Upload content: Amazon S3

Update 2016/07/11: AWS has released EFS, which is a better choice for our Drupal 7 setup than using S3. Check this blog post for a newer stack that replaces S3 with EFS.

Since our setup will include web servers running on AWS EC2 that will scale in and out depending on the usage, we cannot have any permanent data inside of them. All the content that gets uploaded by Drupal will have to be stored in a central file storage that is accessible by all web servers: Amazon S3.

Drupal can not use S3 out of the box, but there are https://drupal.org/download available to achieve this. When writing this blog post I was still experimenting which one was best suited for the task, I’ll update this post later on with my findings.

While S3 has versioning support, it’s not a bad idea to have a second AWS account copy all the files from S3 every day, hour or even when they get created.

Besides the user uploaded content we will store another type of files in S3: configuration files used by instances and load balancers.
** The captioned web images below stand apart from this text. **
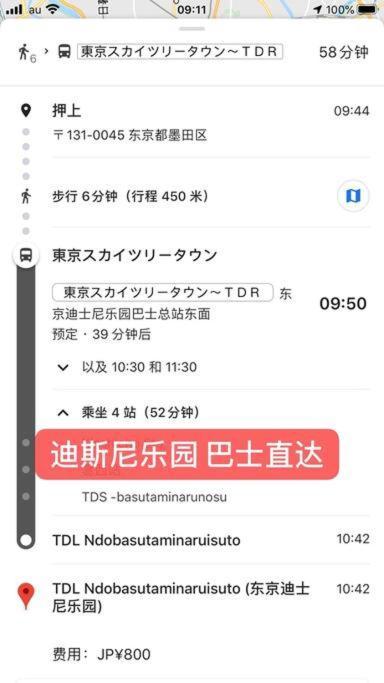 Apartamento 泊露hakuro 3階 Tokio Exterior foto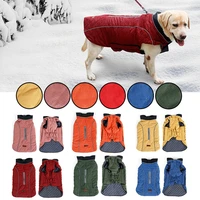 lined pet clothes with reflective strip warm dog cat vest jacket sleeveless wearing pet supplies for small medium breeds gq
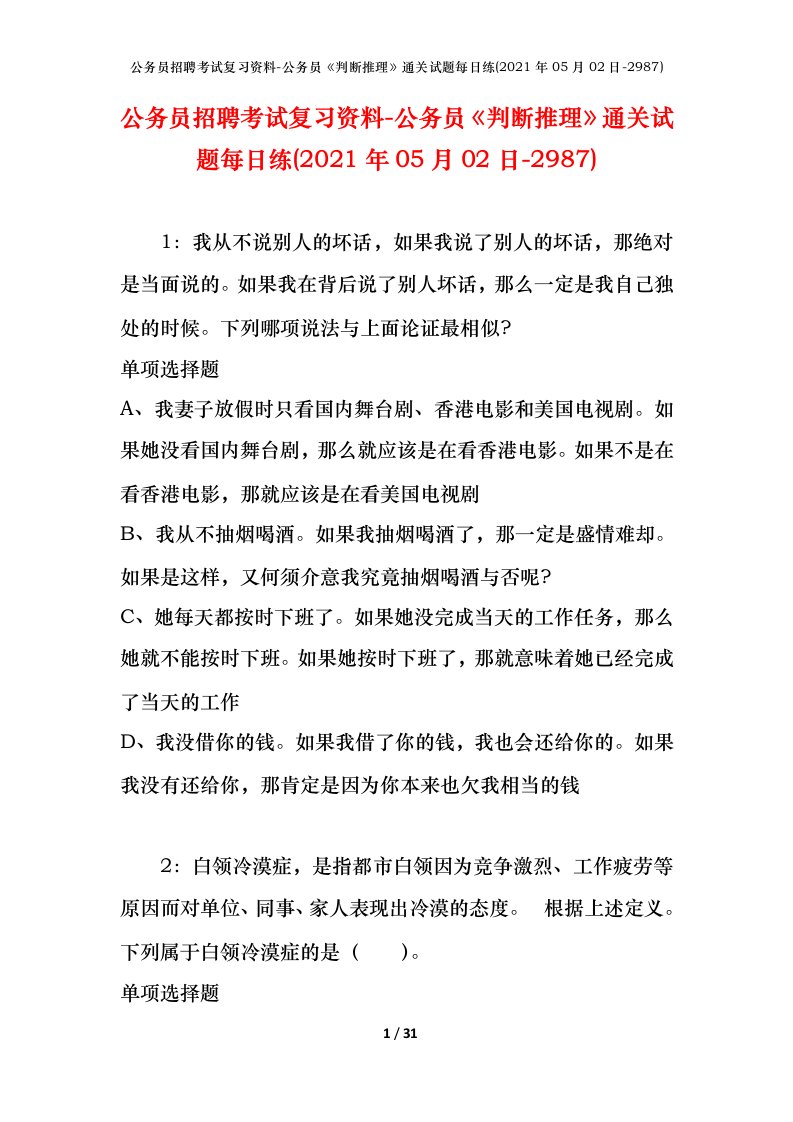 公务员招聘考试复习资料-公务员判断推理通关试题每日练2021年05月02日-2987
More about this later.

Memcached: AWS Elasticache

There’s not much to say about Elasticache. Simply create a memcached server and configure your instances to use it.

Caching: AWS CloudFront

CloudFront is Amazon’s CDN service with edge locations all over the world. The most important though to know here is that invalidating requests is not easy and you should pretty much rely on your Drupal site setting the correct cache headers for each request it serves. If you need to clear your entire cache, it might be easier (and cheaper) to just create a new CloudFront distribution and delete the old one.

We use CloudFront like you would use any other cache: just put it in front of the web server. In this case it will be put in front of the Elastic Load Balancer (see next topic) with the DNS record for our site pointing to the CloudFront distribution.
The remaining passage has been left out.